**Items from a dataset:**
=== Section Start ===

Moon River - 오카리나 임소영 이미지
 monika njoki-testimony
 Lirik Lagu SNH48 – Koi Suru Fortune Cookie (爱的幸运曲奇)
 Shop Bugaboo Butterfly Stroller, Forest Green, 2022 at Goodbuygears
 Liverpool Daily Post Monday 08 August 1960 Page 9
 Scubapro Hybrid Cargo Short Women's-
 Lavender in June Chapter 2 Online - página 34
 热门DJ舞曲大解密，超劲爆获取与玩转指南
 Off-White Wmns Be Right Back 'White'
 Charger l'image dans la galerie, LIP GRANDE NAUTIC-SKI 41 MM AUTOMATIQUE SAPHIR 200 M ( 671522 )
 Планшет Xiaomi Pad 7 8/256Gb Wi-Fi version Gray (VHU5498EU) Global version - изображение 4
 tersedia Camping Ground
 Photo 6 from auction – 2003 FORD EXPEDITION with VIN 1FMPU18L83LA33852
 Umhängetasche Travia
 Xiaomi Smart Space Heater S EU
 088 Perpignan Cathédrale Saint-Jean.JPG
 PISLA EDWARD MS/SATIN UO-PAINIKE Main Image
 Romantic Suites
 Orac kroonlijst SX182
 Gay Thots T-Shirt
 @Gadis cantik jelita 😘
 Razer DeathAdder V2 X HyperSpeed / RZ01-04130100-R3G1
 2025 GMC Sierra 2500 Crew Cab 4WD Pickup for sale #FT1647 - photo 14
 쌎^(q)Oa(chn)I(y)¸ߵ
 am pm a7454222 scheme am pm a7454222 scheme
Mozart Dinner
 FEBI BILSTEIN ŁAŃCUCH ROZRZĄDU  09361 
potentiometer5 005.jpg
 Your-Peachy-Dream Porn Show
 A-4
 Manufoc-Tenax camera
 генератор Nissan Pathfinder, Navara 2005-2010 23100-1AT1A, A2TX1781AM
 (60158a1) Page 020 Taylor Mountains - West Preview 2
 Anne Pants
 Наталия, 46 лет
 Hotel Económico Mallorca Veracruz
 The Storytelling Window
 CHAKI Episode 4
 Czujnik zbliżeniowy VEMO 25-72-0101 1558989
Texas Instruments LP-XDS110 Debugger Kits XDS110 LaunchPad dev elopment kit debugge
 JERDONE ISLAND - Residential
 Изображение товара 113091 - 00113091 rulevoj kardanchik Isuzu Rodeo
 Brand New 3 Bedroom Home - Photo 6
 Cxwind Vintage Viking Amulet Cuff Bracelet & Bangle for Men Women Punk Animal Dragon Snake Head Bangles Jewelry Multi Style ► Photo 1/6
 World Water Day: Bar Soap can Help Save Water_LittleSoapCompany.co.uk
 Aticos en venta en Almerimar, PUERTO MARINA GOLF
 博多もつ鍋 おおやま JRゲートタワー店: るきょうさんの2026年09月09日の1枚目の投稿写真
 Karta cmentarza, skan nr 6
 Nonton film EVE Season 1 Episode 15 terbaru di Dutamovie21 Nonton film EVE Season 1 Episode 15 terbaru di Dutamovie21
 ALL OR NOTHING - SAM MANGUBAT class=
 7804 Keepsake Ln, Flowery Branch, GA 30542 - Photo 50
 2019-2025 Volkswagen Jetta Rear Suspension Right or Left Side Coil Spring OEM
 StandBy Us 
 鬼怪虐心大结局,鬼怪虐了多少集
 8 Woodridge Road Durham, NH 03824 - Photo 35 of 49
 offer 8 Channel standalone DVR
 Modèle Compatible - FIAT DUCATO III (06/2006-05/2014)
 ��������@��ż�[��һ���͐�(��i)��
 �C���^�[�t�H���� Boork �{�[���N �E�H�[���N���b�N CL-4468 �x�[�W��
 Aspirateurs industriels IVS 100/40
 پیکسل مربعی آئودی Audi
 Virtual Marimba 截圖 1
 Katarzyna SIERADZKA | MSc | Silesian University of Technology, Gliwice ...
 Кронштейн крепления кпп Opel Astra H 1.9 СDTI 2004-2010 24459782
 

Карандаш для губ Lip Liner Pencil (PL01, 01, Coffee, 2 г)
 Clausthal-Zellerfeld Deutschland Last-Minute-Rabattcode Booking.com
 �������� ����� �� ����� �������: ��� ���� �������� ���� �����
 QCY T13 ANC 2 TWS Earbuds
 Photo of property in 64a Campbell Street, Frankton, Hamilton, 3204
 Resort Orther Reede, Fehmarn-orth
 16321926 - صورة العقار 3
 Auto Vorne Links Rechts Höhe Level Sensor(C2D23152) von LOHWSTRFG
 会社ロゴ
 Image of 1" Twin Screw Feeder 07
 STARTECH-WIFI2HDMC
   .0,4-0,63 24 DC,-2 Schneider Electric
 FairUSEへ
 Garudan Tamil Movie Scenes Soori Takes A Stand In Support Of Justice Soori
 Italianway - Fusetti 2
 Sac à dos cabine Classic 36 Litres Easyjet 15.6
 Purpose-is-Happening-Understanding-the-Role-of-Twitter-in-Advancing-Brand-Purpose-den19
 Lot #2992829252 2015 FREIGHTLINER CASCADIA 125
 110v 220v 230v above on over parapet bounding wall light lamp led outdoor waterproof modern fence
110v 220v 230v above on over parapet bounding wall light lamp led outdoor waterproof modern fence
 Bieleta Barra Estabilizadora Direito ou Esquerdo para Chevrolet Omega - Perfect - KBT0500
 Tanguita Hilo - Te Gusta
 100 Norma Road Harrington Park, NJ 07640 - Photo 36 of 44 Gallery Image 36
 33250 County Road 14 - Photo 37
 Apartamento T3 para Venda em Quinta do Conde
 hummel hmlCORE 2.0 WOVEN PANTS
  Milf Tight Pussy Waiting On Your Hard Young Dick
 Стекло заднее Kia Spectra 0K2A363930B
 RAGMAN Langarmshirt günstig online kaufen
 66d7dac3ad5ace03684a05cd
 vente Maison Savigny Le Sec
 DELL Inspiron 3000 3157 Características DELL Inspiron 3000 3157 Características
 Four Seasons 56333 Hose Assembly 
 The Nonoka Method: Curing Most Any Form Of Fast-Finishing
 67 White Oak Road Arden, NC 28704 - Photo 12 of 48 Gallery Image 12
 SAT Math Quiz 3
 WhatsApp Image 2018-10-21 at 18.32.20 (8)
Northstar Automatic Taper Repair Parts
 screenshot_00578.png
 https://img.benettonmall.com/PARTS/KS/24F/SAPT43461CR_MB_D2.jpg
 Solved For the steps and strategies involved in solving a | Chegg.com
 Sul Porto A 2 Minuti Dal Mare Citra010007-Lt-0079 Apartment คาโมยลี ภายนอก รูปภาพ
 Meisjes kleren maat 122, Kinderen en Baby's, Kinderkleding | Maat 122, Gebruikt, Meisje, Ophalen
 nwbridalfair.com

=== Section End ===

**Exercise objective:**
Report each line above that includes the string "Right".

**Answer box:**
 Off-White Wmns Be Right Back 'White'
 2019-2025 Volkswagen Jetta Rear Suspension Right or Left Side Coil Spring OEM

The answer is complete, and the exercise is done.